Do you know the harmful drinking patterns?

When we talk about harmful drinking patterns, different drinking patterns can be distinguished. Think, for example, of binge drinking, excessive drinking and heavy drinking. Every drinking pattern is associated with certain alcohol damage. In addition, drinking patterns can also differ per culture.

heavy drinking

Heavy drinking is when at least four (for women) and six (for men) glasses of alcohol are drunk in one day at least once a week. Heavy drinking is related to an increased risk of direct or acute alcohol damage, such as alcohol poisoning, traffic accidents, aggression and an increased risk of brain damage.

Drinking excessively

Excessive drinking means that men drink more than 21 drinks a week and women more than 14 drinks a week. Long-term excessive alcohol consumption is related to damage to organs, increased risk of cancer and the development of addiction. Excessive alcohol consumption is particularly common among 18-25 year olds. However, it is also relatively common between the ages of 50 and 70.


Going out is expensive. Young people and young adults therefore like a 'drinking hour' - also called pre-loading - at someone's home. This saves money and puts you in a 'party mood'. Due to the imbibing, some of the partygoers already arrive in the catering industry under the influence. Because they participate in traffic under the influence, they run a higher risk of traffic accidents and the risk of drunkenness and alcohol-related aggression increases. Here we outline a general picture of pre-loading when there is no COVID-19 and the cafes and bars are open.

Binge drinking

Impotence is closely related to binge drinking (drinking five or more alcoholic drinks before going out or before a home party). This drinking pattern is common among young people and is often associated with going out. If you binge weekly or more often, you are drinking heavily and the risk of damage increases.

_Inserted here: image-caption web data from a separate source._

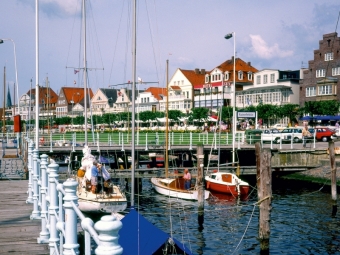 CALVENDO Puzzle Kaiserbrücke mit Ortsansicht Travemünde | 1000 Teile Lege-Größe 64x48cm Foto-Puzzle für glückliche Stunden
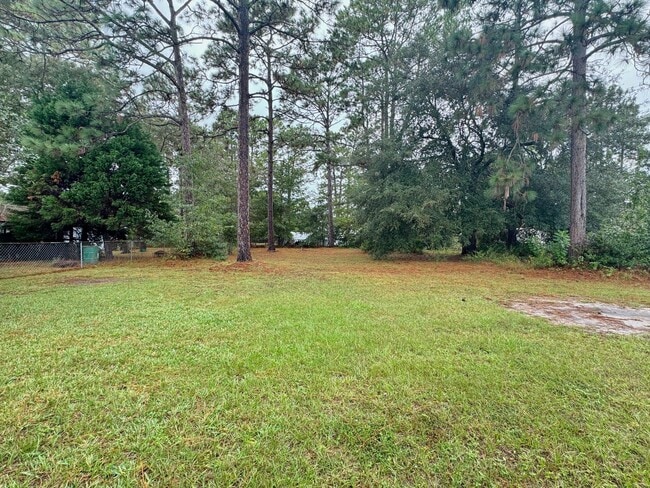 Building Photo - MOVE-IN READY!  [PET FRIENDLY]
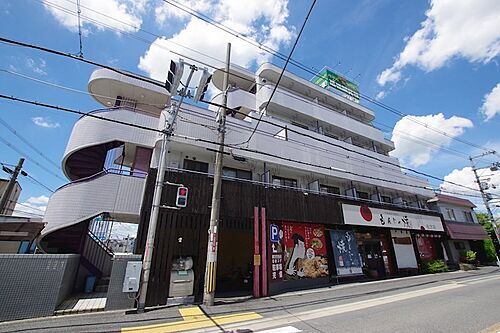 大阪府枚方市招提平野町 賃貸マンション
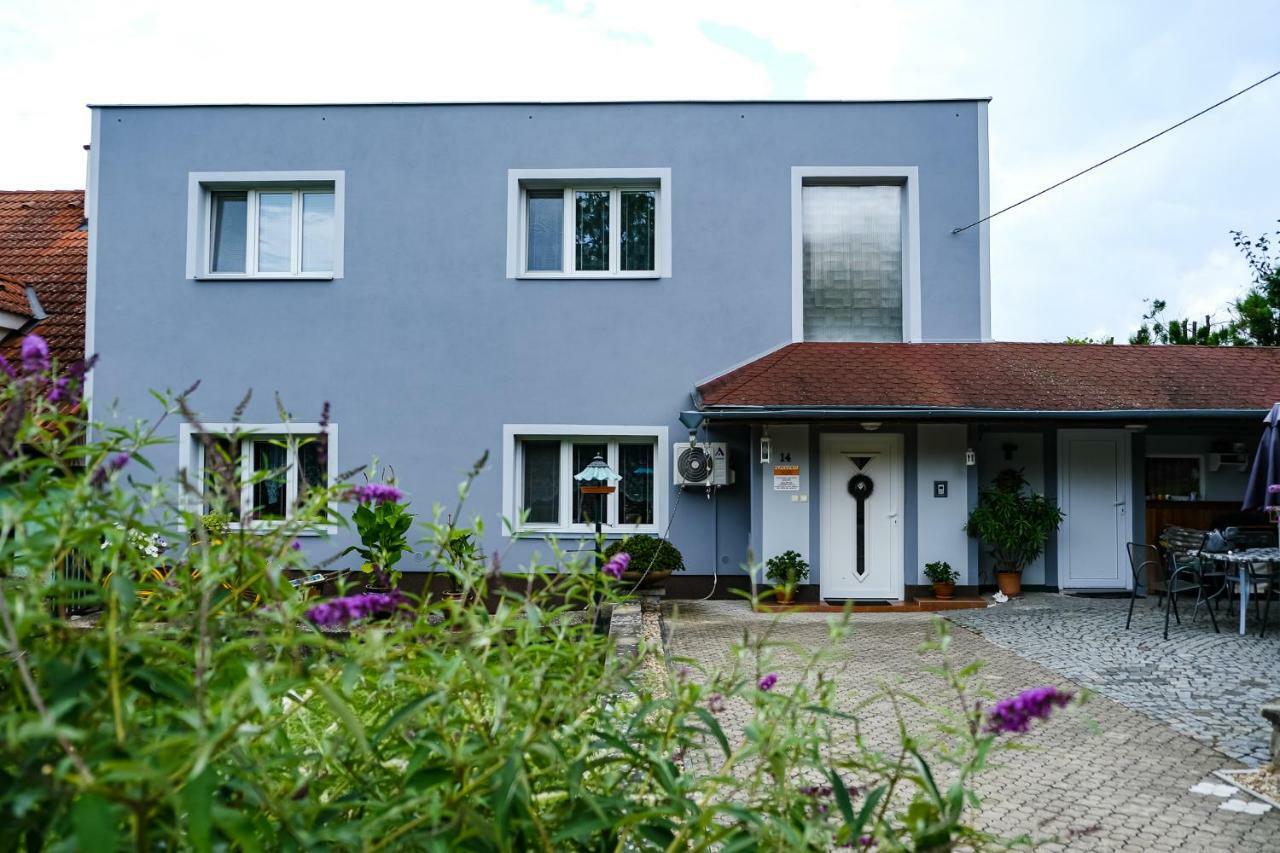Apartment Livi Mikulov Exterior foto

Drinking patterns by culture

Drinking patterns can vary greatly by culture. In Europe alone, we notice major differences. The south of Europe can be characterized as a Mediterranean drinking culture, where alcohol is often drunk in combination with food, while the north and east of Europe has a strong vodka or binge culture. The Central European countries are more focused on drinking beer, but can certainly also be described as a binge-drinking culture.